**************
Tombo Commands
**************

This page contains breif descriptions of the most common Tombo commands. For more detail on each commands' options and further algorithm details, please see the corresponding documentation sections.

------------------------------------------
Re-squiggle (Raw Signal Genomic Alignment)
------------------------------------------

The re-squiggle algorithm aligns raw signal (electric current nanopore measurements) to reference genomic or transcriptomic sequence.

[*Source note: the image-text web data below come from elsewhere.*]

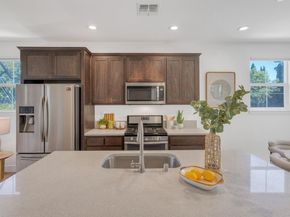 4015 Clydesdale Cmn, Fremont CA 94555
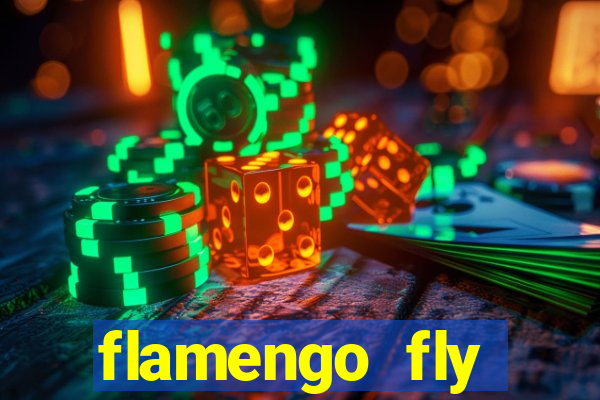 flamengo fly emirates ultimas noticias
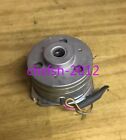 ERS-175L-FMF-007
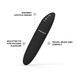Віброкуля LELO Mia 3 Black SX2555 фото 6
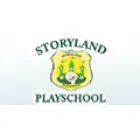 STORYLAND PLAYSCHOOL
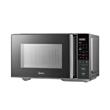 Microondas Midea MW-EG128BAR1 29 Litros 900 Watts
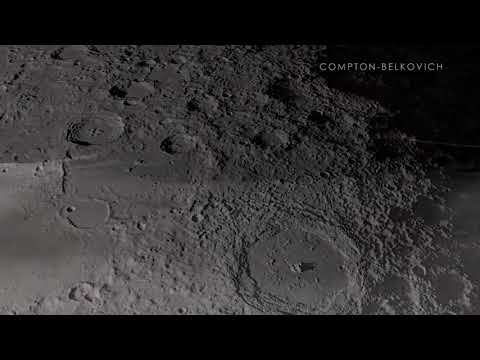 Dexter Fizz x HPNOTIC - The Moon feat. (Drew)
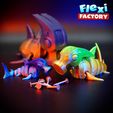 Flexi-Factory-Hammerhead-shark_1.jpg Flexi Factory Hammerhead Shark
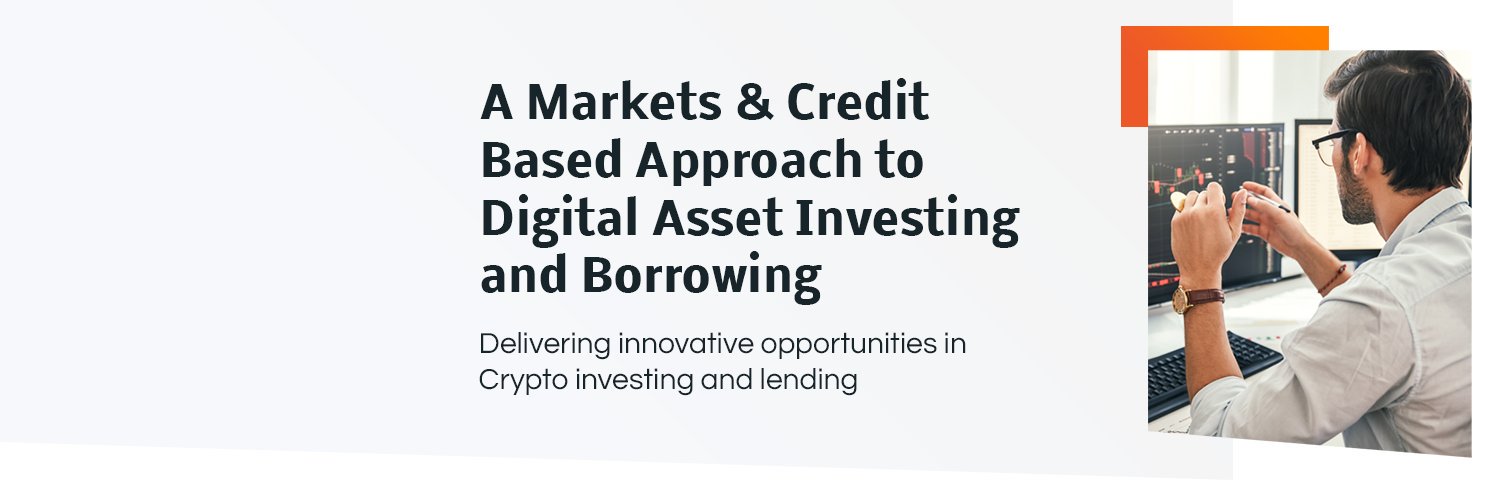 DrawBridge Lending banner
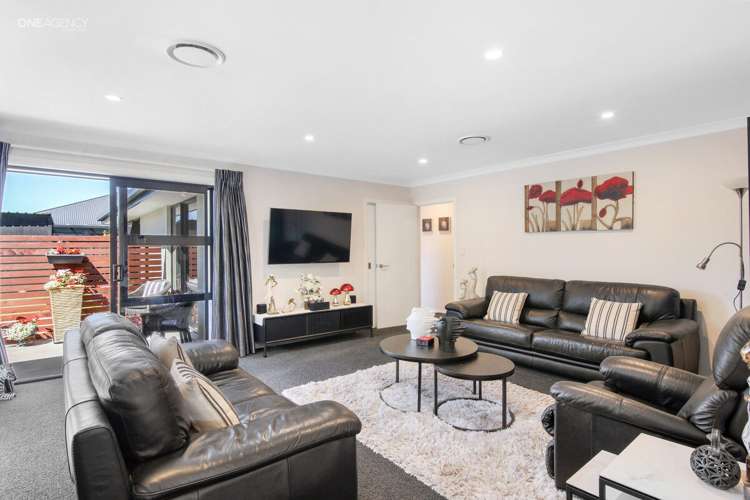 10 Silverstream Boulevard Kaiapoi_9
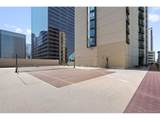 1777 Larimer St - Photo 47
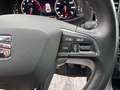 SEAT Ateca 1.5 TSI *Xcellence*Navi*Leder*Standheizung Weiß - thumbnail 17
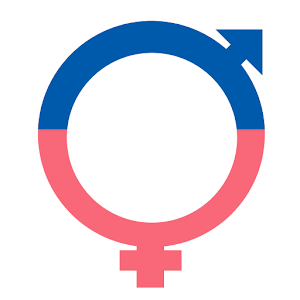 火图.apk 1.0.6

One of the major assumptions of the re-squiggle algorithm is that the provided reference sequence is correct. Thus for a poorly assembled reference or divergent sample, an assembly polishing step (possibly from the same data/sample) may improve results.

The ``resquiggle`` command will add infomation (the mapped reference location and the raw signal to sequence assignment) to the read files provided (in FAST5 format), as well as producing an index file for more efficient file access in downstream commands.

.. important::

   The ``resquiggle`` command must be run before any further processing by Tombo commands.

**Note**: Tombo currenly includes default canonical models for both DNA or RNA data (supporting R9.4 and R9.5; 1D and 1D^2; R9.*.1 chemistries). Analysis of other nanopore data types is not supported at this time (e.g. R7 data). If DNA or RNA sample type is not explicitly specified (via ``--dna`` or ``--rna`` options) the sample type will be detected automatically from the raw read files.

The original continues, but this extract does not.